Investors also were looking ahead to a back-loaded week of economic data, particularly the U.S. jobs numbers for March on Friday. It will likely be another month of strength in the U.S. labor market with 174,000 jobs expected to have been added to payrolls. The unemployment rate is estimated to have held at 4.7%, while wages are anticipated to have climbed 0.3%. Other readings on the labor market include the ADP National Employment Report for March -- the unofficial reading on private payrolls ahead of the official U.S. jobs report -- on Wednesday, and weekly jobless claims at their regular time on Thursday.
Investors will also get the rundown of what went on behind closed doors during the Federal Reserve's March meeting when minutes are released on Wednesday afternoon. At that meeting, the central bank decided to raise the federal funds rate by 25 basis points, the third interest rates increase since 2008. The decision was near unanimous with only one dissenter. The Fed also forecast two more rate hikes in 2017, in line with its previous forecasts and as markets have anticipated.
On the economic calendar Tuesday, international trade for February will be released before the bell, while factory orders for February will come out mid-morning. The U.S. trade trade deficit in January rose 9.6% to $48.5 billion, the highest level in nearly five years, and economists anticipate the deficit to narrow to $46 billion in February.
U.S. handbag maker Kate Spade (KATE) slumped 12% in premarket trading on reports it will spend a few more weeks negotiating a potential sale of the company after receiving an offer last week from Coach (COH) . Michael Kors (KORS) also remains interested in Kate Spade, though it hasn't been pursuing an acquisition of the company as actively as rival fashion accessories maker Coach, according to Reuters.
Nvidia (NVDA - Get Report) declined 2.8% in premarket trading after Pacific Crest reduced its rating to underweight from sector weight. Analyst Michael McConnell said he grows worried over "lower margins from incremental Nintendo Switch revenue and a possible pause in the company's datacenter business this summer."

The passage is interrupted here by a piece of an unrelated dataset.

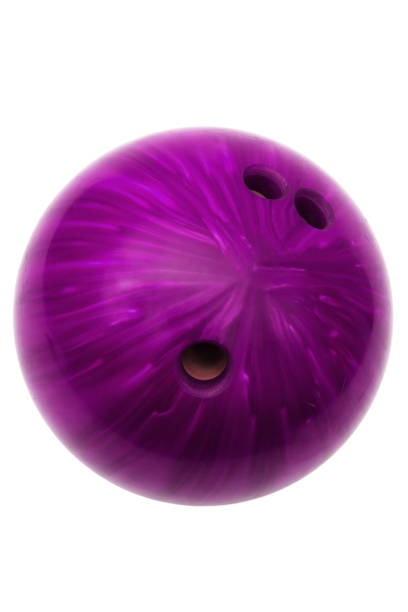 ball-spiel beim bowling auf weißem hintergrund - bowlingkugel stock-fotos und bilder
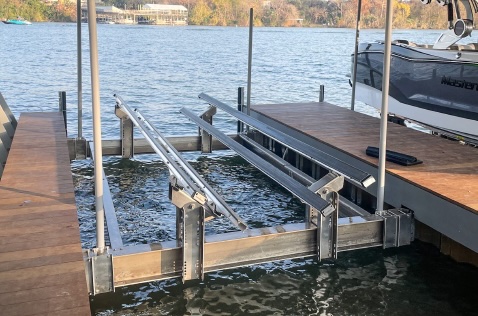 Tandem hydraulic pump keeps platform level while lifting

Apple (AAPL - Get Report) was slightly lower after Pacific Crest warned of slowing growth ahead. Analyst Andy Hargreaves retained his overweight rating on Apple and raised his price target to $150 from $140, though said further growth would "slow substantially" and that dividend increases and tax reform might be "necessary to drive significant upside." Pacific Crest remains bullish on iPhone unit sales estimates.